In Bucks and Montgomery Counties, where public transit use is higher than the national average, resistance was lower to paying higher taxes for public transit.
Respondents there were split 49-48 on a five-cent-a-gallon gas-tax hike. They also supported a one-half-cent increase in the sales tax for transportation improvements, by a ratio of 55 percent to 41 percent.
In addition to the survey, the pollsters also conducted focus groups in three metro areas, including the Philadelphia suburbs, and they reported: "The immediate and overwhelmingly negative reaction to a gas tax cannot be overstated."
"One Philadelphia-area woman burst out, 'Oh, dear God!' upon being queried about a gas tax, and the immediate reaction was immediate and negative across all the groups.

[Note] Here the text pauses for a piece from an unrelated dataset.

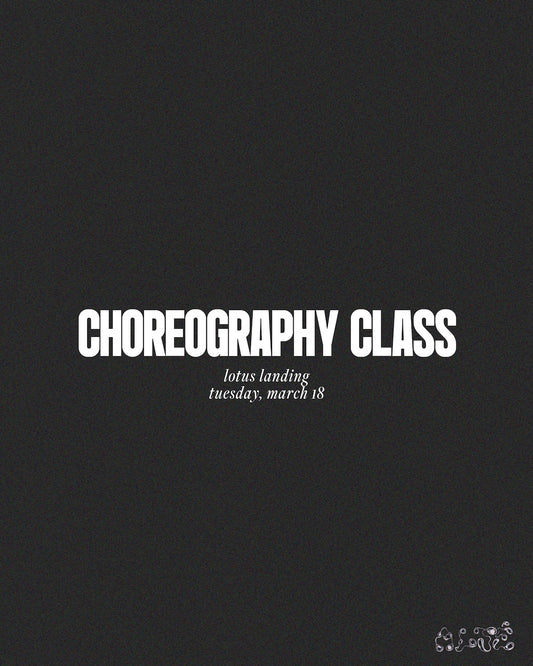 March 18th Choreography Class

"There was a strong sense that the timing for a gas-tax increase is wrong - when the price of gas is already so high and many feel it will go higher."
The issue is hot in Pennsylvania, where political leaders have been debating for months how to increase funding for roads, bridges, and transit, with Gov. Corbett's acknowledging the need for more money but adamantly opposing any increase in the state gasoline tax.
Corbett's own transportation-funding advisory commission last year identified a shortfall of $3.5 billion a year in needed funding as of 2010, growing by about $1 million a day.
So Pennsylvania's annual transportation-funding gap now stands at about $4.4 billion.
Corbett's commission recommended the state increase motor-vehicle registration and license fees and raise a component of the gas tax to produce $2.5 billion more a year for highways, bridges, and mass transit.
Rob Perks, transportation-advocacy director for the NRDC, said voters more often supported specific tax increases for specific local projects than general tax increases.
The NRDC survey of 800 likely voters nationwide and 150 likely voters in Bucks and Montgomery Counties found wide support for increasing public transit rather than building more roads to relieve congestion and reduce pollution.
But the survey also found many people resistant to using public transit because they liked driving or because they have found transit inconvenient.
There was a partisan cast to the findings: Democrats were far more likely than Republicans to support an increase in local public-transit spending.
The survey was conducted from June 24 to July 1, with a margin of error of plus or minus 3.8 percent in the national poll and plus or minus 8.0 percent in the Montgomery and Bucks poll.